I run a web server in my basement on DSL. Over the weekend I decided to finally upgrade the 80 GB hard disk that had been spinning practically non-stop for 18 months with a shiny new 160 GB disk. Seagate provides a copy utility that runs under windows, so I rebooted in Safe Mode (assuring that virtually all my services were shut down), ran the copy, shut down, pulled the old drive, strapped the new one as a master, and rebooted.
Everything came right up. Except for SQL Server. My website is a derivative of I Buy Spy, so I basically had nothing showing. I tried to manually start the SQL Server service and was ever so pleased to see the error message "Cannot start service. Error 3: File not found." Just which file is left as an exercise for the reader. My Event Log displayed the exact same error.
I searched Google for "SQL Server" and "File Not Found" and got plenty of hits, but no help. I opened the Service manage, stared at the properties of the SQL Service, and noted the name of the exe it launched. I thought if I ran it manually I might get more info. I located it, double clicked it, and it opened a command window and announced that it was opening files, starting this and that, and trying to log in as the disabled "guest" account. It seemed to run fine. Hmmm.

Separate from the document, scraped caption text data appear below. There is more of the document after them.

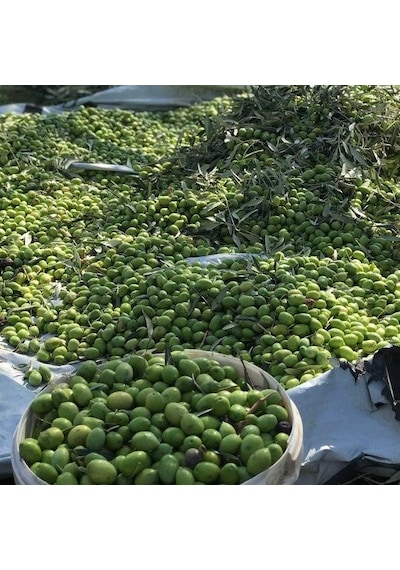 5x4 Metre Zeytin Sergeni Zeytin Toplama Örtüsü Fındık Fıstık Dut Toplama Filesi Beyaz Hasat Taban Örtüsü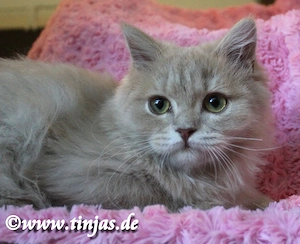 Britisch Langhaar Traumkater in fawn golden tabby mit grünen Augen.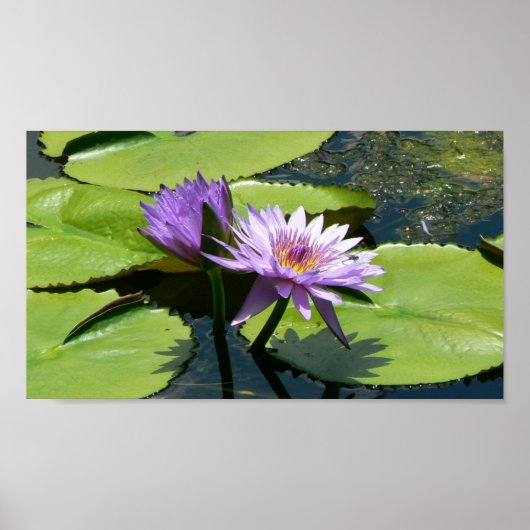 Dragonfly Lotus Poster (Vorne)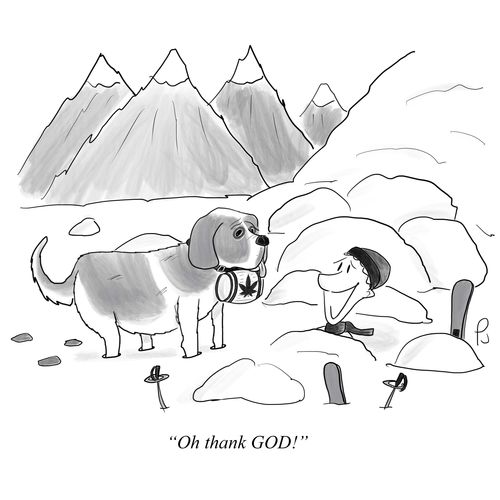 "Oh thank God!"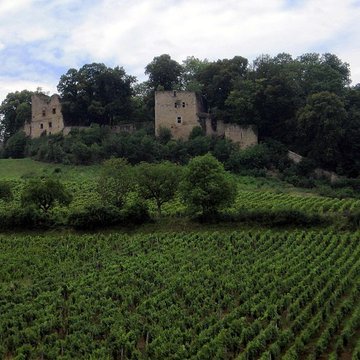 chateau d arlay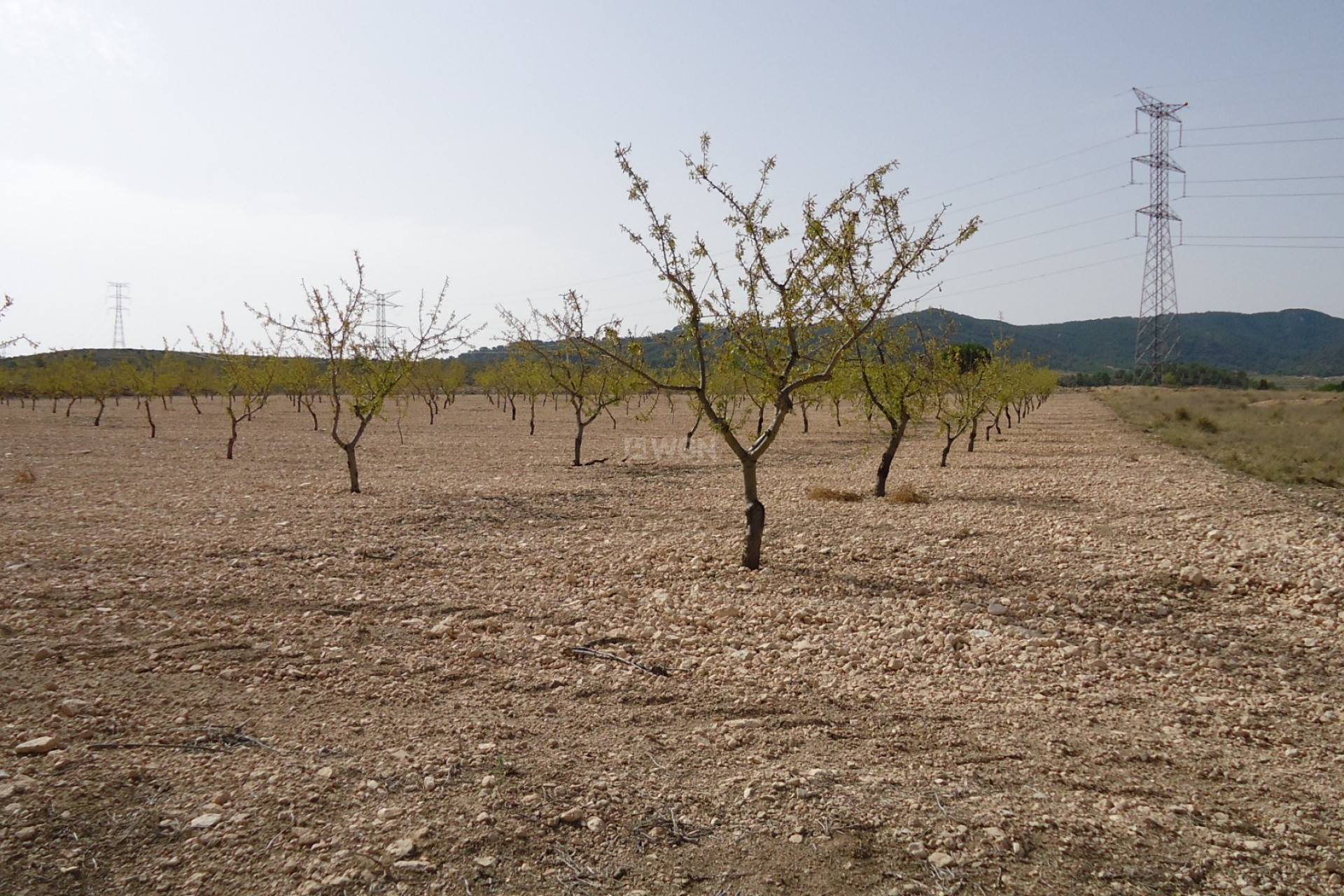 Wiederverkauf - Grundstück / Grundstück - Canada del Trigo - Inland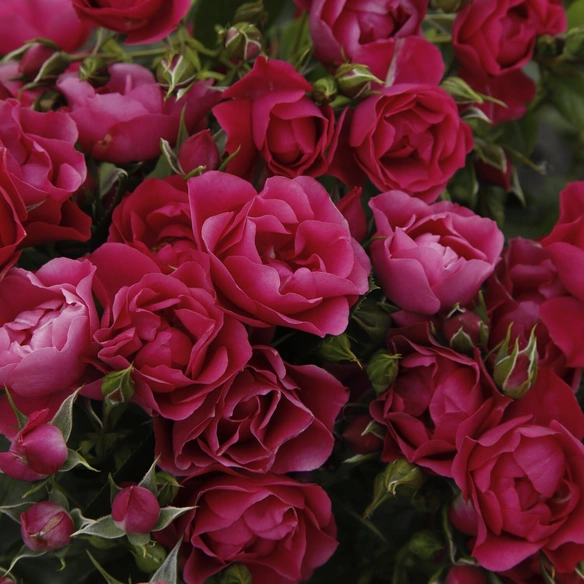 Beetrose, Rosa »Pink Forest Rose«, Blüte: pink, halbgefüllt
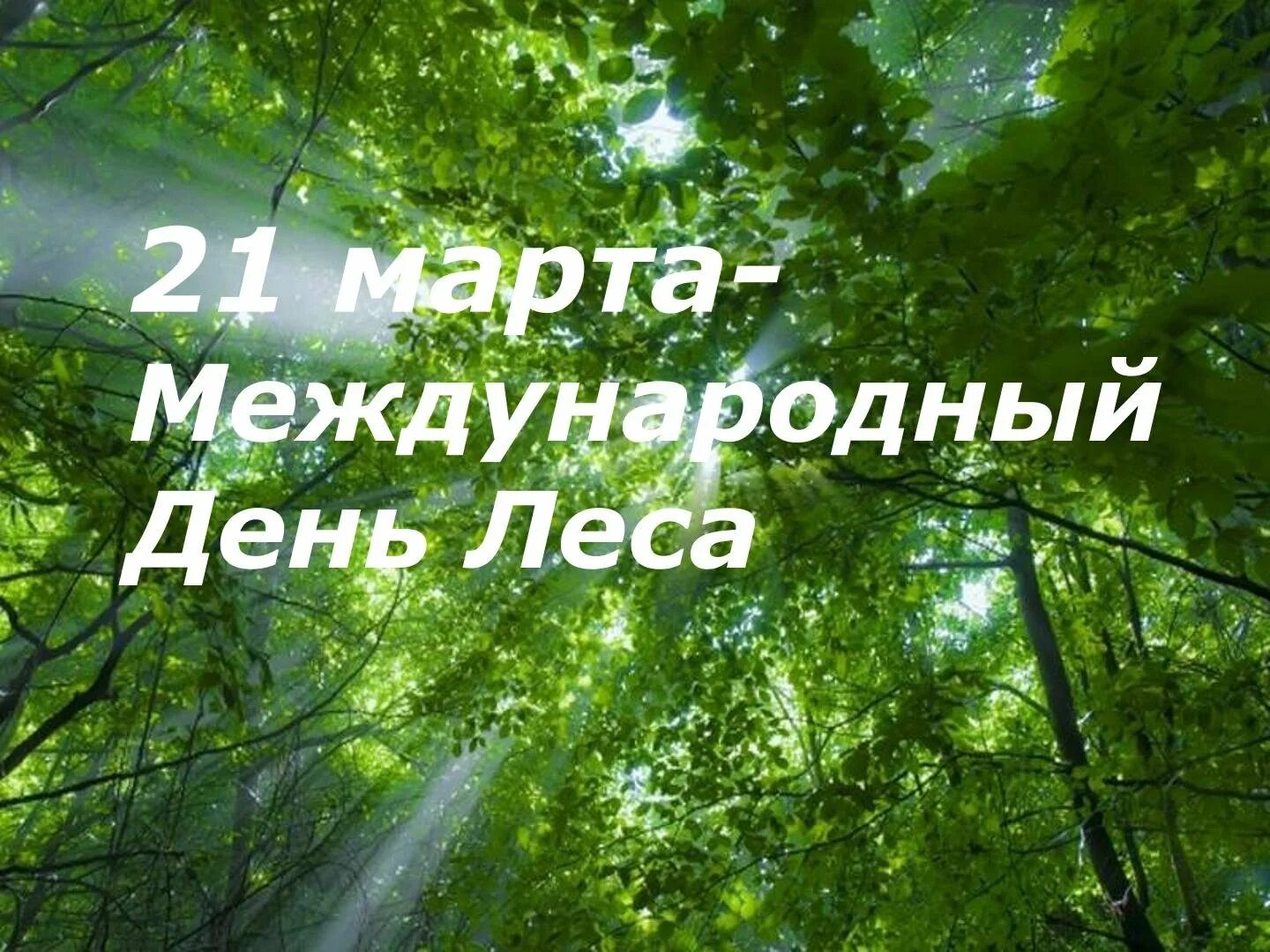 21 международный день леса. Международный день лесов. Междуанродныйдень лесов. Международныйдерь лесов.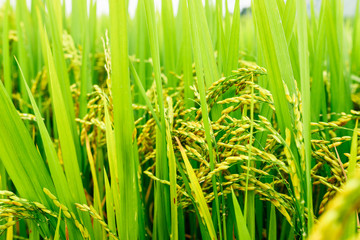 Rice field, green rice sprouts in the meadow. Rice close up.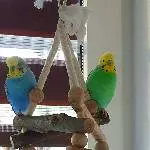 Wellensittich-Pärchen sucht neues zu Hause Bild 1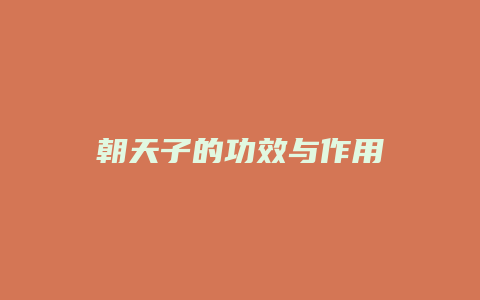 朝天子的功效与作用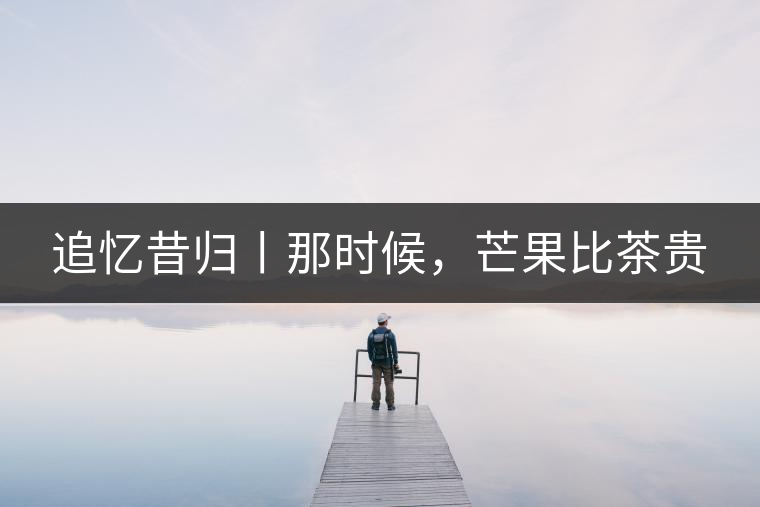 追憶昔歸丨那時候，芒果比茶貴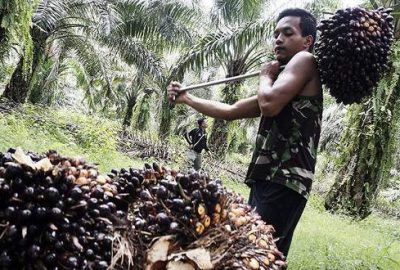 Tüketici palm yağı raporunu bekliyor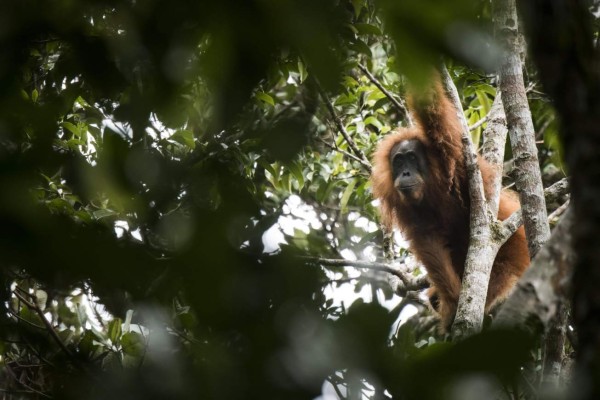 Descubren una nueva especie de orangután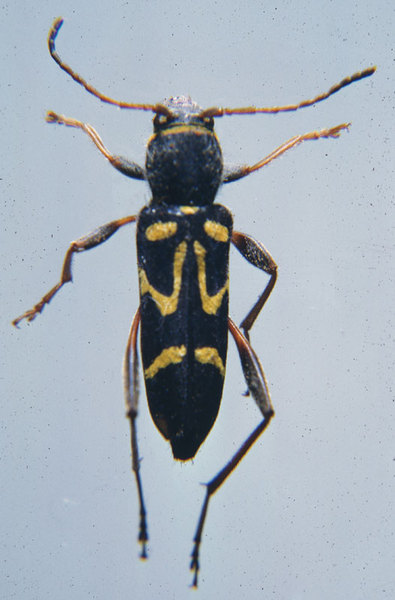 Clytus ruricola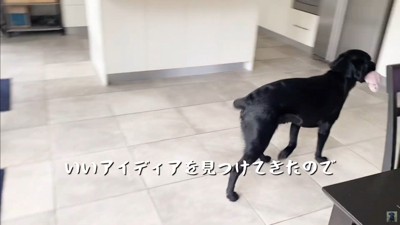 怒られる人形を見たえんぞう君の反応2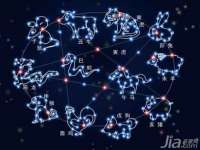 温州市鼓杰网络科技有限公司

Then I looked more closely at the path to the exe. It pointed to binn in the Microsoft SQL Server directory in Program Files, but the pat used the short versions; .../PROGRA~1/MICROS~2/... An inspiration struck. I used "dir /ad /x" to look at the short names of my program file directories, and indeed, Microsoft SQL Server's was different!
I used RegEdit to locate and change the nasty string, and SQL Server came right up! A happy ending at last. And the moral of this story is: don't store paths in short name format. All your testing may not uncover a single problem, but you can create some hideous problems for your users.